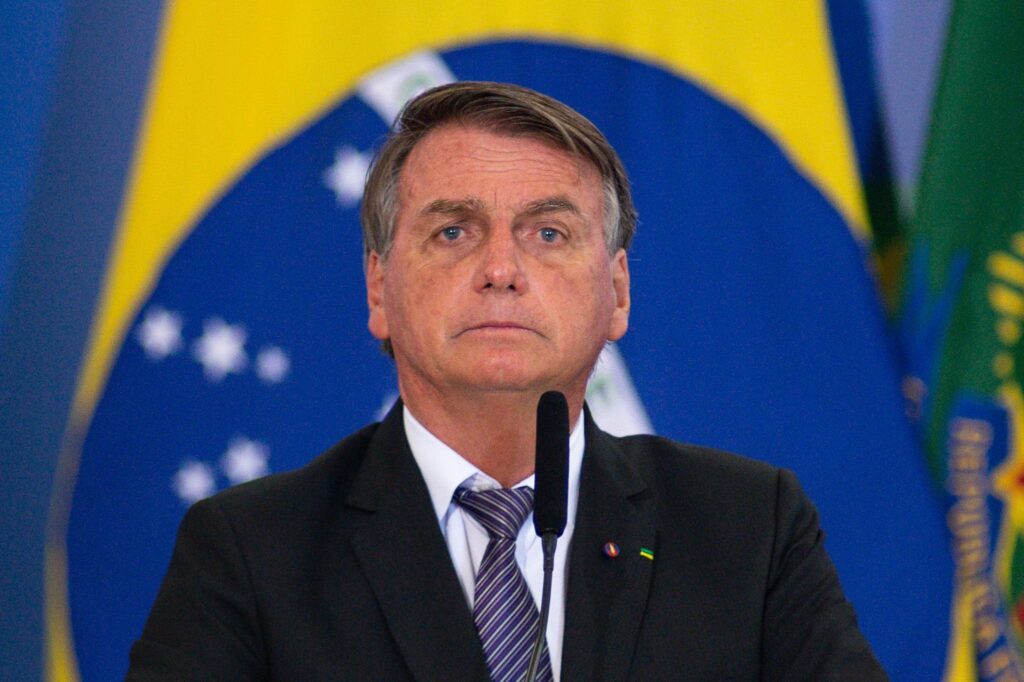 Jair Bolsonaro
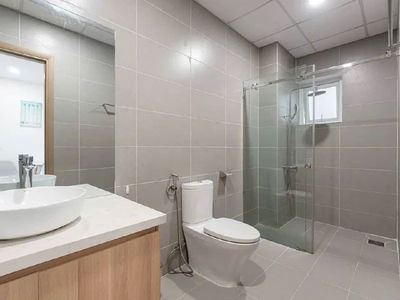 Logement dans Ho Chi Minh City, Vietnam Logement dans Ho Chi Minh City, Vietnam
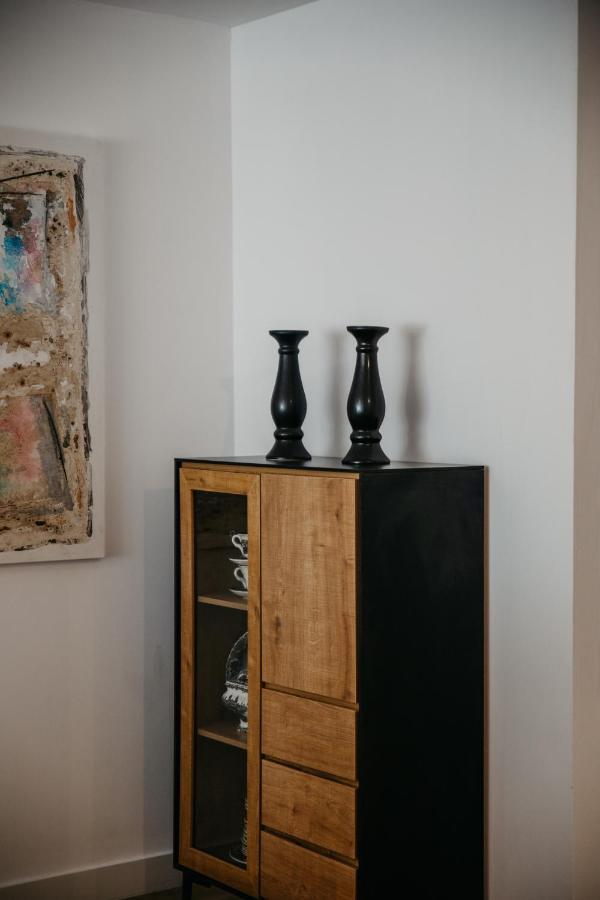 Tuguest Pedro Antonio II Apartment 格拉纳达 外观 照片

...

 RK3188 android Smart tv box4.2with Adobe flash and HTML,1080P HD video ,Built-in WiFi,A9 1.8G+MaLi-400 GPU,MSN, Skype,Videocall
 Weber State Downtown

==

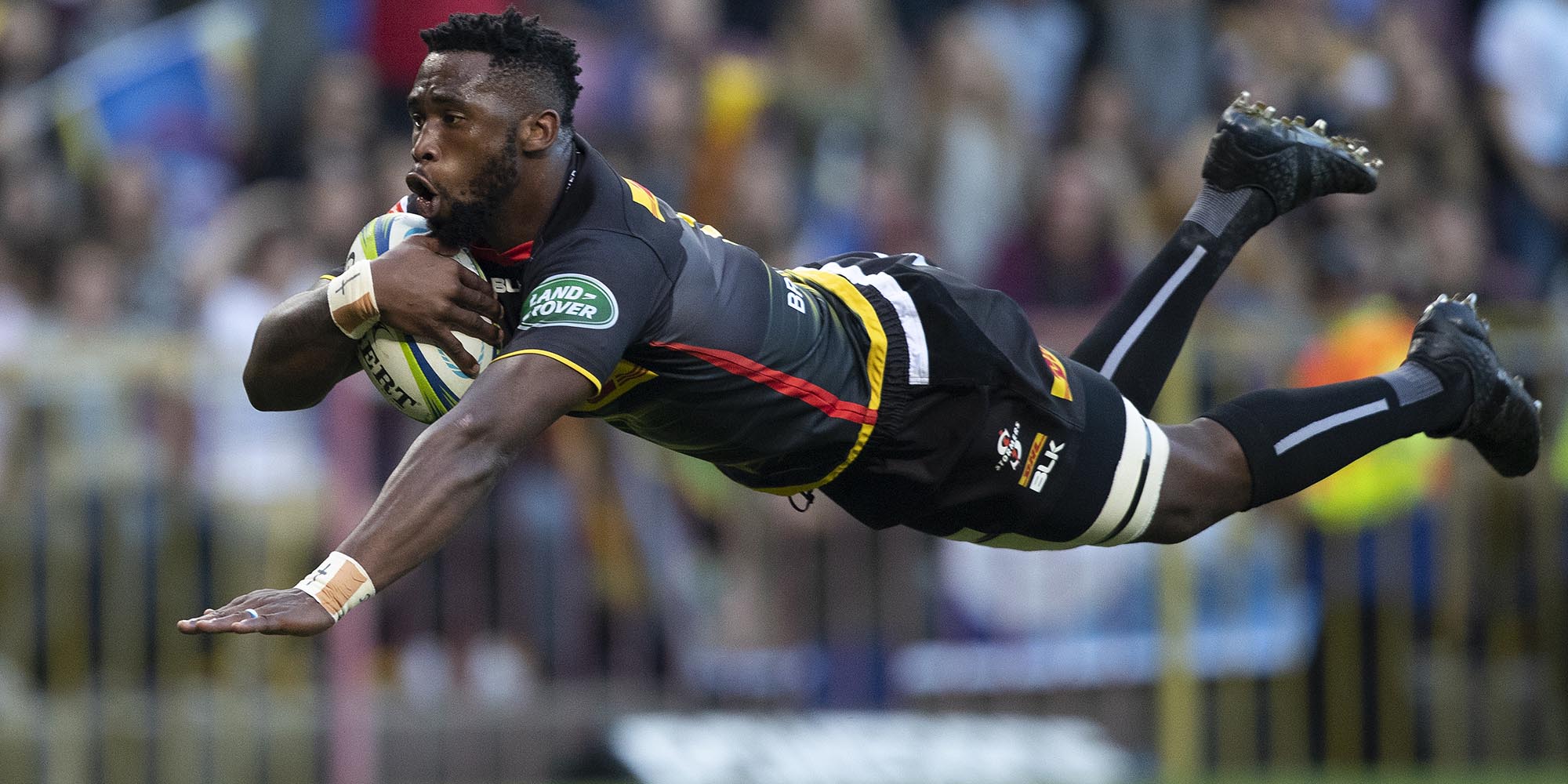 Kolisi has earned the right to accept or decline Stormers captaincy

■ Exercise instructions
All that is wanted is the lines above between the one containing "Jair Bolsonaro" and the one containing "Tuguest Pedro Antonio", inclusive, restated word for word, with pictures omitted.

■ Exercise solution
 Jair Bolsonaro
 Logement dans Ho Chi Minh City, Vietnam Logement dans Ho Chi Minh City, Vietnam
 Tuguest Pedro Antonio II Apartment 格拉纳达 外观 照片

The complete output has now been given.